The Ireland Data Protection Commission (DPC) fined the popular Tiktok 530 million video exchange platform on Friday for violation of data protection rules in the region, transmitting data from European users to China.
“Tiktok violated GDPR regarding the transfer of CES users (European economic zone) to China and transparency requirements,” DPC – Note In a statement. “The decision includes administrative fines totaling 530 million euros and an order that requires a scoring to transfer its processing within 6 months.”
In addition, the order requires the company to suspend data transfer to China for a period of time.
Punishment – the result of the investigation that was launch In September 2021, which conducted the transfer of personal data to the company to China and their implementation of fierce data protection laws regarding the transfer of data to third countries.

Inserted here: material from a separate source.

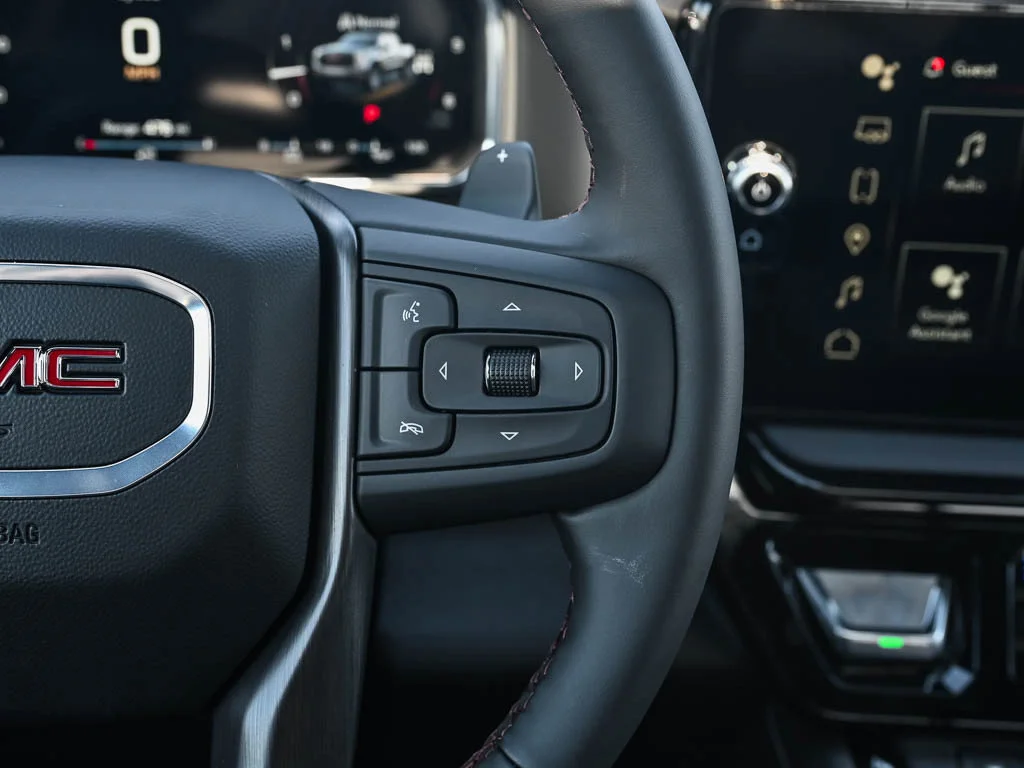 2026 GMC Sierra 1500 AT4X - Photo 19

Commenting on this decision, Deputy Commissioner DPC Graham Doyle said the transfer of personal data of the ticket to China took place against Article 46 (1) Data Protection Regulations (GDPR), as they were unable to check and ensure that the CES users were given equivalent protection for this.
Dail further added that the tick does not solve the problems that result from the potential access of the Chinese authorities, which are provided for anti -terrorist and the legislation on the fight against the pioneer in the country, and which “significantly” diverged with the standards of the European Union.

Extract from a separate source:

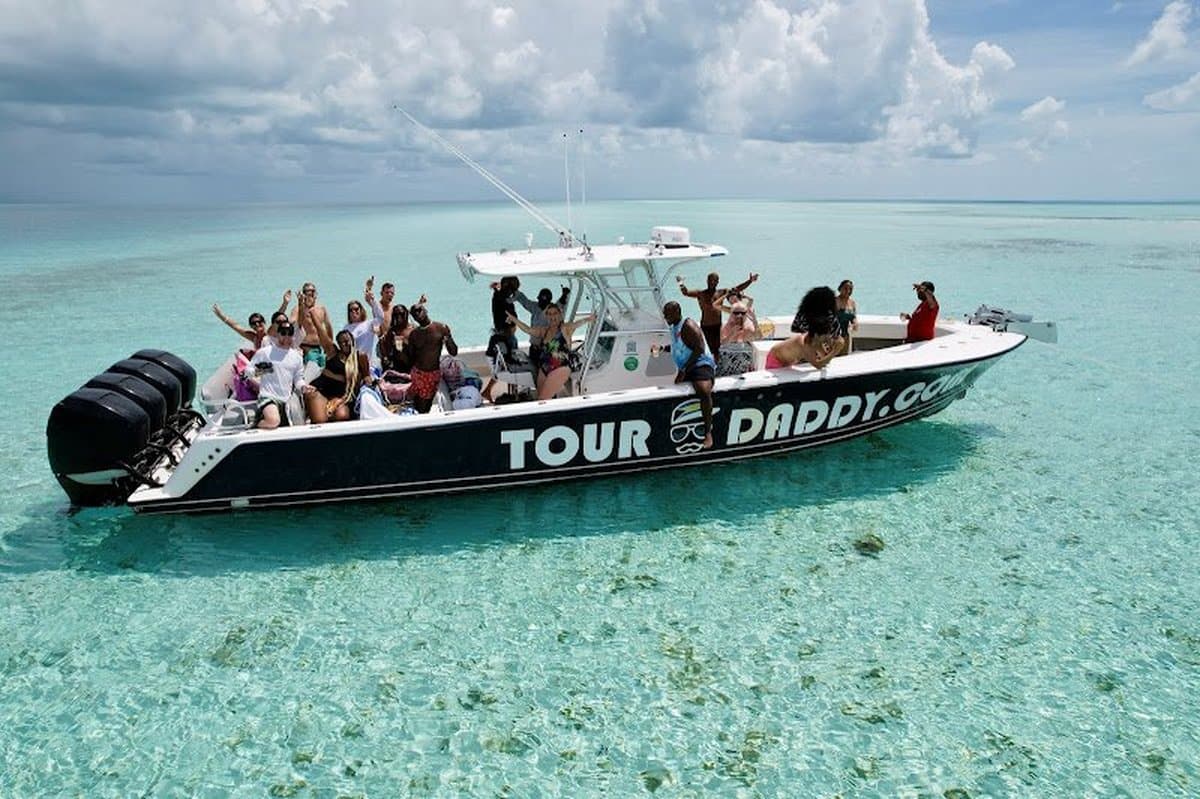 Tour Daddy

DPC also blamed Tiktok for mischief during the investigation that it did not store CES users on Chinese servers, just to reveal the watchman last month that he identified the problem in his systems in February 2025 as a result of limited CES data on servers in China.
“While Tiktok reported DPC that the data is now deleted, we are considering what could be substantiated by further regulation, when consulting our EU data protection bodies,” Doyle said.
Christina Gren, Head of State Policy and Government Relations in Europe, said PRODUCT PRODUCTIONData security initiative aimed at protecting European data users and that the resolution does not reflect the current guarantees.
“DPC himself recorded in his report what the tick invariably said: he never received a request for European users’ data from Chinese authorities and never provided them with European data users,” the Grand Gran – Note.
This is the second fine to be charged with a byte company. In September 2023, the curiosity was arm A fine of 345 million euros (then about 368 million) for violation of the Laws on GDPR in relation to children’s data.